Re: Report reorder buffer size

From: Masahiko Sawada <sawada(dot)mshk(at)gmail(dot)com>
To: Ashutosh Bapat <ashutosh(dot)bapat(dot)oss(at)gmail(dot)com>
Cc: pgsql-hackers <pgsql-hackers(at)postgresql(dot)org>
Subject: Re: Report reorder buffer size
Date: 2025-08-25 20:47:05
Message-ID: CAD21AoDVhtDugdR2pR9yyuo8XKn0mo0gR5arqOZBKK_8sOe8sg@mail.gmail.com
Views: Whole Thread | Raw Message | Download mbox | Resend email
Thread:
Lists: pgsql-hackers

Hi,

On Wed, Aug 13, 2025 at 5:40 AM Ashutosh Bapat
<ashutosh(dot)bapat(dot)oss(at)gmail(dot)com> wrote:
>
> Hi All,
> The question of how to tune logical_decoding_work_mem has come up a
> few times in the context of customer cases. If it is too low then the
> changes are spilled to disk, slowing down replication and consuming
> disk space. In case of streamed transactions, it won't consume space
> on primary but will consume resources (transactional resources/disk
> space) on replica. If decoding memory is too high, it may cause memory
> pressure especially when there are many wal senders and large amounts
> of changes queued to reorder buffers frequently.
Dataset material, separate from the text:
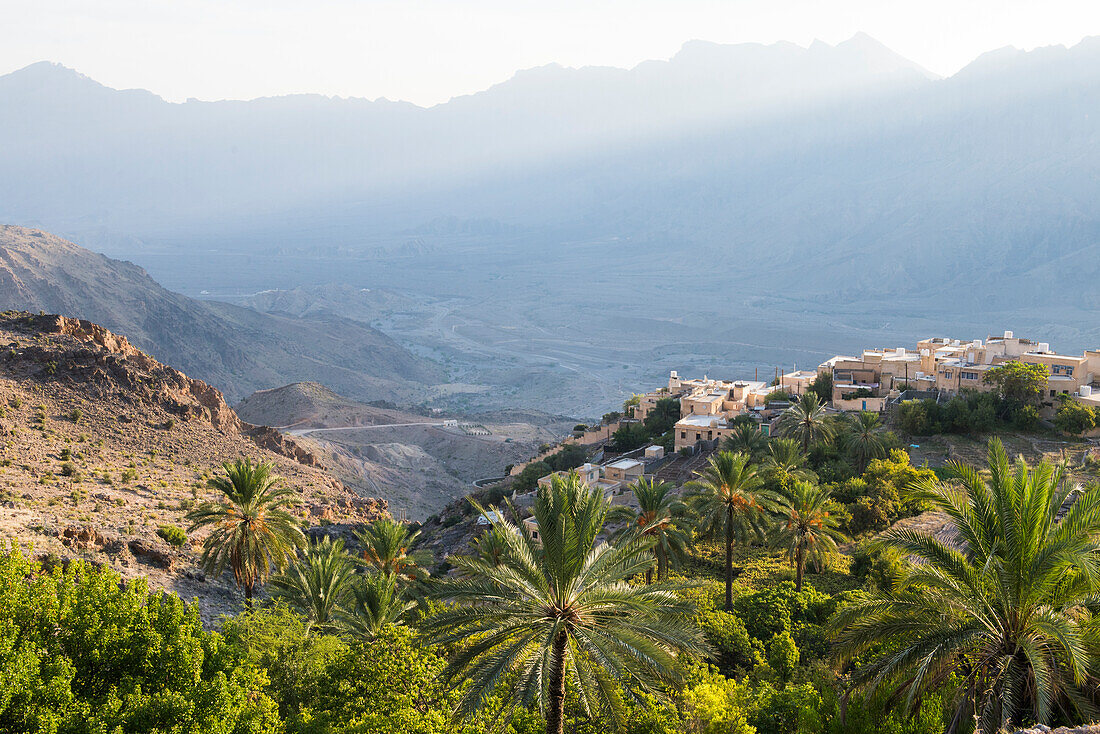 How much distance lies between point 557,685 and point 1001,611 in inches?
219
Thank you for starting the thread about this topic. This is one of the
topics that I've been eager to address. Here are some random comments:

>
> In order to tune logical_decoding_work_mem optimally we need a measure
> of the size of changes belonging to the transactions queued in the
> reorder buffer, whether spilled to the disk or in memory or sent
> downstream as part of an unfinished streamed transaction. Currently
> there is no way to determine that. pg_stat_replication_slots reports
> cumulative statistics about spilled or streamed transactions. It helps
> to know whether the logical decoding work memory is sufficient or not
> to hold all the changes. But it does not provide a way to estimate an
> optimal value for it since it doesn't capture the state of the reorder
> buffer at a given point in time.
>
> With the attached WIP patch, we can report, at a given point in time,
> total size of reorder buffer i.e. sum of the size of all the changes
> belonging to the transactions active in the reorder buffer whether
> those changes are in memory, on disk or sent downstream as part of an
> unfinished streamed transaction. By sampling this value at regular
> intervals, one can observe the reorder buffer trendline as shown in
> the plots attached.

Alternative idea (or an additional metric) would be the high-watermark
of memory usage. That way, users won't miss memory usage spikes that
might be missed by sampling the total memory usage.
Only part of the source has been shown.